Know About Launch of First Planetary Defence System
NASA has put forth a program to test out its defense methods called the Double Asteroid Redirection Test code name DART... Now Lets take a look how its gonna launch and probably when...
As of now you must have heard about Chicxulub crater in Yucatán Peninsula in Mexico caused by an asteroid measuring at least 10 Km, Which caused worldwide extinction of dinosaurs.
Near-Earth object (NEO) is any small Solar System body whose orbit brings it into proximity with Earth including Asteroids, Meteors, and Comets. Small asteroids, nearly 20 meters in diameter can cause significant damage to the local environment and human populations. Where as Larger asteroids penetrate the atmosphere to the surface of the Earth, producing craters if they impact a continent or tsunamis if they impact large water bodies. Near earth objects have generated increased interest since the 1980s because of greater awareness of this potential danger.
And since then planetary scientist are studying the near earth objects, And have found over 25,000 known near earth objects which poses a threat to humanity. It’s imperative that we have some sort of defense system against them just in case.
And here comes NASA’s defense program called the Double Asteroid Redirection Test, code name DART. The DART mission is in Phase C, led by APL and managed under NASA’s Solar System Exploration Program at Marshall Space Flight Center for NASA’s Planetary Defense Coordination Office and the Science Mission Directorate’s Planetary Science Division at NASA Headquarters in Washington, DC.

NASA seeks to test and validate a method to protect Earth in case of an asteroid impact threat. The mission aims to shift an asteroid's orbit through kinetic impact -specifically, by impacting a spacecraft into the smaller member of the binary asteroid system Didymos to change its orbital speed. A binary asteroid is a system of two asteroids orbiting their common barycenter.
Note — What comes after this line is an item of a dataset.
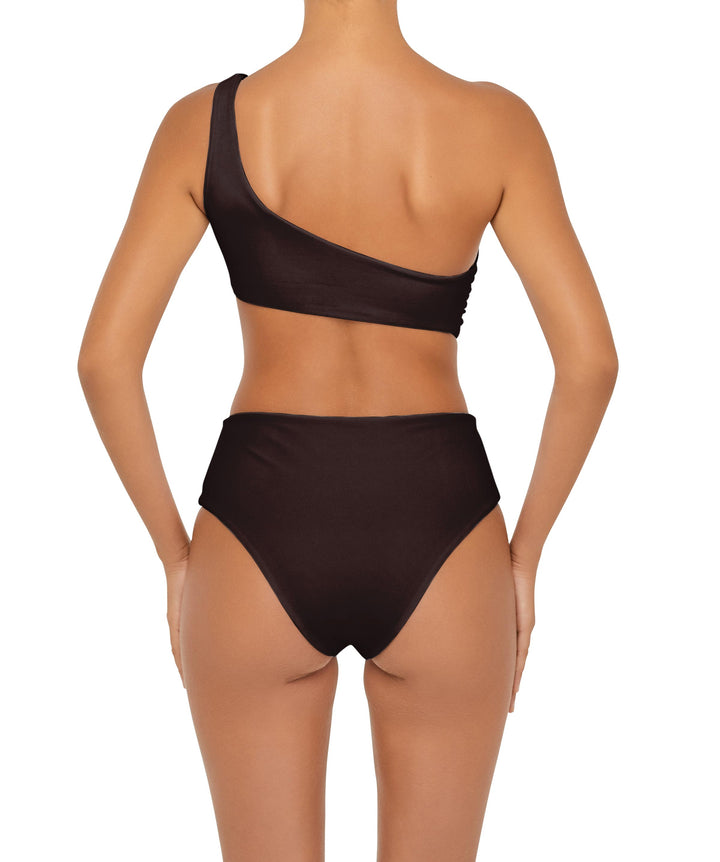 BSWS-S51 Asymmetrical Side Cutout O-Ring One Piece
The Didymos primary body is approximately 780 meters across, Whereas it’s secondary body (or “moonlet”) is about 160-meters in size.
How will DART achieve this goal?
Once launched, DART will deploy Roll Out Solar Arrays (ROSA) to provide the solar power needed for DART’s electric propulsion system. By utilizing electric propulsion, DART could benefit from significant flexibility to the mission timeline while demonstrating the next generation of ion engine technology, with applications to potential future NASA missions. After DART spacecraft will reach near the asteroid Didymos, It will achieve the kinetic impact deflection by deliberately crashing itself into the moonlet at a speed of approximately 6.6 km/s, with the aid of an onboard camera (named DRACO) and sophisticated autonomous navigation software. The collision will change the speed of the moonlet in its orbit around the main body by a fraction of one percent, but this will change the orbital period of the moonlet by several minutes - enough to be observed and measured using telescopes on Earth.
When will DART be launched?
The DART spacecraft launch window begins November 24, 2021. DART will launch aboard a SpaceX Falcon 9 rocket from Vandenberg Air Force Base, California. After separation from the launch vehicle and over a year of cruise it will intercept Didymos’ moonlet in late September 2022, when the Didymos system is within 11 million kilometers of Earth, enabling observations by ground-based telescopes and planetary radar to measure the change in momentum imparted to the moonlet.